WHAT TO WORK ON:
In the material below, find the line with "Quantum Fields and"; set down that line and every line after it to the end, exactly, without pictures.

DATASET EXTRACT:
━━━

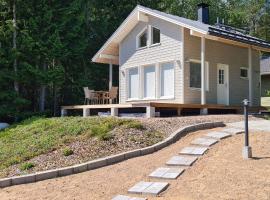 Villa Vahonranta beach house，位于Parkano的酒店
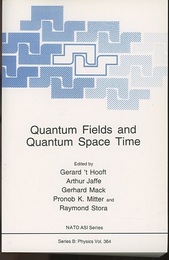 Quantum Fields and Quantum Space Time (Soft)  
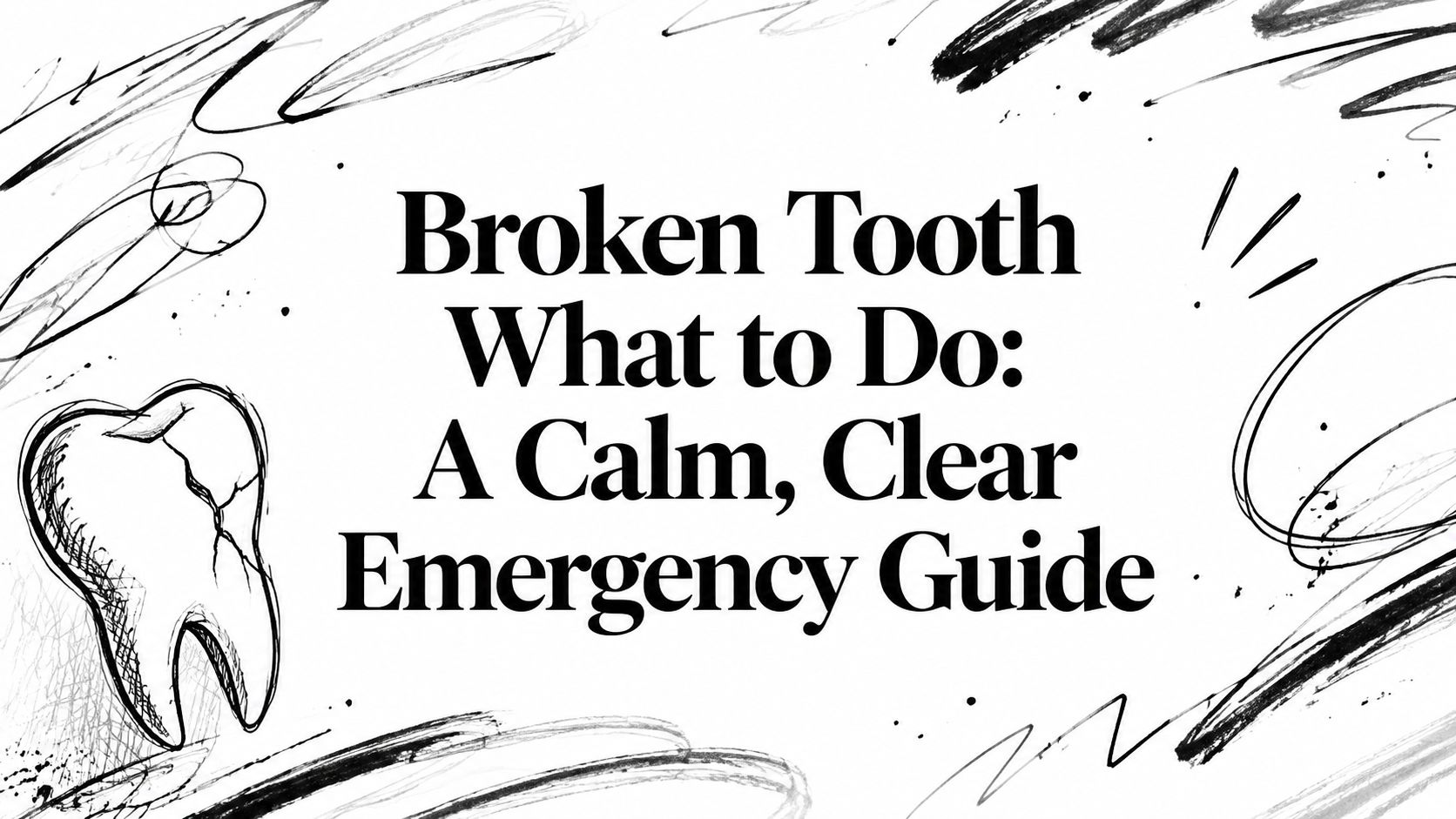 Broken Tooth What to Do: A Calm, Clear Emergency Guide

━━━

WRITTEN SOLUTION:
 Quantum Fields and Quantum Space Time (Soft)  
 Broken Tooth What to Do: A Calm, Clear Emergency Guide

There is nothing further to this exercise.